Il va donc falloir mieux se refroidir que mieux se chauffer…
La France, contrairement à l’Espagne et à l’Italie, s’est construite autour du chauffage d’hiver. La France doit désormais changer de manière de voir les choses. On passe des passoires thermiques aux bouilloires thermiques. Cette adaptation est forcément lente dans le monde du bâtiment. Et globalement, nous ne sommes pas bons en France dans la rénovation, nous n’en faisons pas assez. Quand les Français se sont décidés à mener des chantiers de rénovation en sollicitant des aides publiques, les ressources ont vite été épuisées. Le gouvernement a décidé de tout arrêter, plutôt que d’accélérer.
Existe-t-il des solutions pour s’en sortir ?
On a monté ce groupe de réflexion (Nos villes à 50 degrés) dans cette optique-là. On sait faire dans le détail mais la question est de savoir comment aller plus vite, combien ça coûte, comment embarquer tout le monde et lever les freins qui existent. On manque aussi de professionnels pour répondre à la demande. Les solutions, les Espagnols les ont mises en œuvre depuis longtemps. Elles sont nombreuses et vont du très low-tech, aux protections solaires en passant par la climatisation. En 2025, on est dans un monde où l’on ne peut plus dire qu’il est hors de question que je climatise mon logement. On disait avant aux gens, vous avez une chaudière gaz, ce n’est pas bon pour la planète, passez à la pompe à chaleur. Mais les gens ne voyaient pas forcément un grand intérêt à aller dans ce sens du fait que les effets sur la facture énergétique n’étaient pas si flagrants que ça dans de nombreux cas. Le discours que l’on peut tenir aujourd’hui est dans la réversibilité de la pompe à chaleur. Les foyers peuvent donc franchir le gué, avec un bonus pour la planète mais surtout un meilleur confort chaud-froid dans leur bâtiment.

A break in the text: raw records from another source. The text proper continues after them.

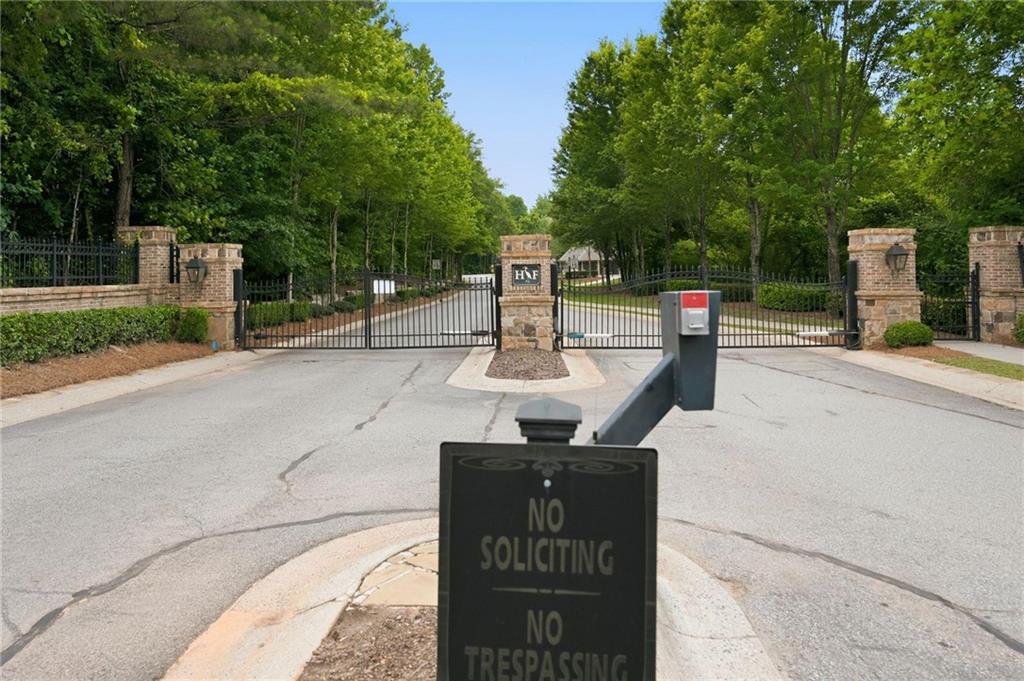 3464 Flamingo Lane Alpharetta, GA 30004 - Photo 32 of 40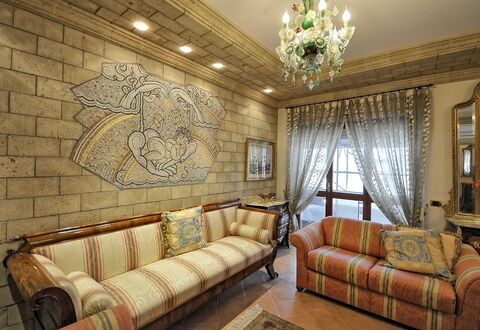 Apartment Bright: Mobilia, Interior Design, Pavimentazione, Parete, Pavimento, Legna, Soffitto, Divano, Illuminazione, Soggiorno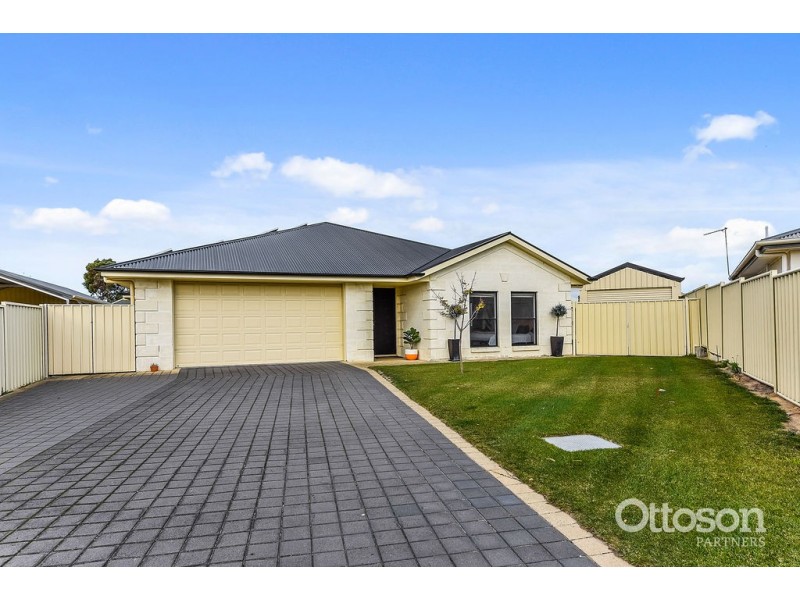 24 Pine Grove, Naracoorte SA 5271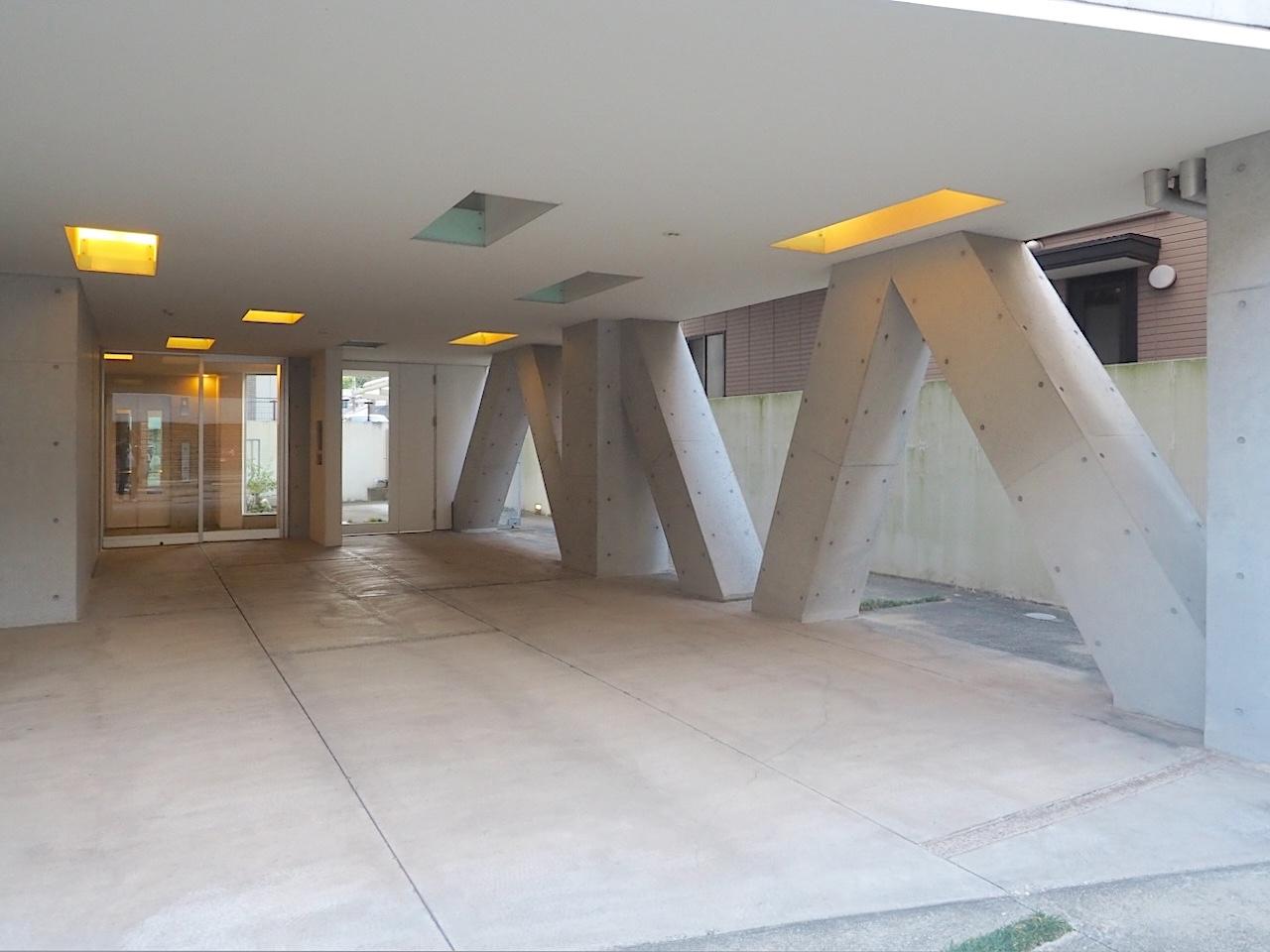 福岡市中央区赤坂の賃貸物件/エントランスからかっこいい。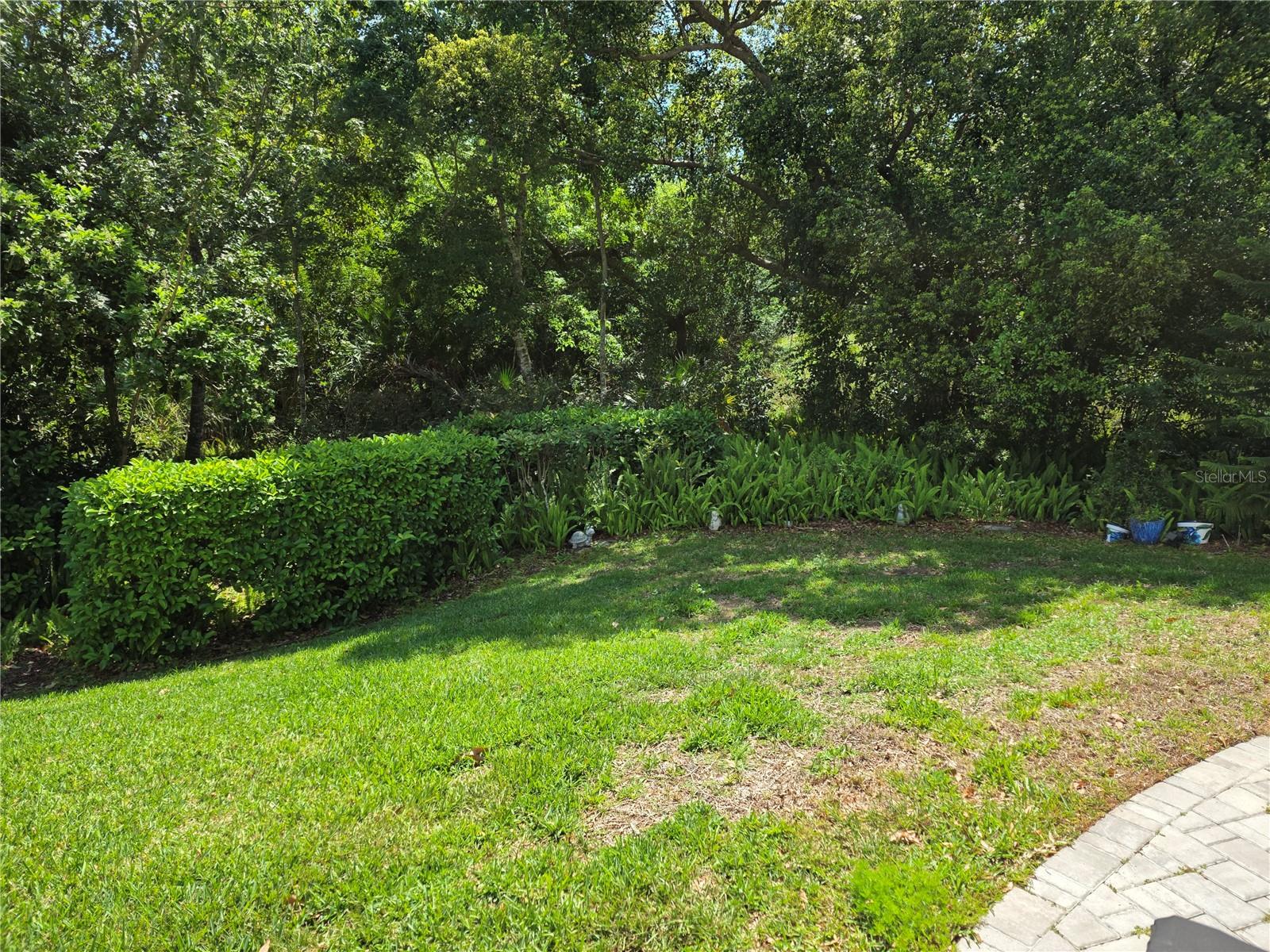 Image 32 of 34 For 1196 Royal Boulevard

Le clivage idéologique sur la climatisation est donc dépassé ?
Oui parce que le 50 degrés, ce n’est pas une blague et quand vous avez 65 ans, que vous êtes un peu malade ou que vous n’avez pas dormi pendant trois jours, votre santé est menacée et le fait de savoir s’il faut ou non recourir à la clim ne doit pas se poser. On bascule dans un monde où la chaleur va provoquer plus de morts. Je ne vois pas pourquoi les gens pourraient se chauffer et pas refroidir leur logement ! Après, il faut le faire intelligemment, bien entendu, avec certaines contraintes et obligations. Climatiser un bâtiment mal isolé, c’est très souvent idiot. C’est pour cette raison qu’une rénovation doit s’envisager toujours de façon globale et pas par petits bouts. Et pourtant, pour diverses raisons, c’est souvent l’approche qui est utilisé. C’est là ou les politiques publics doivent agir pour inciter beaucoup plus massivement aux rénovations globales qui n’ont que des effets positifs, facture, confort, qualité de d’air et de vie. C’est un enjeux de santé publique.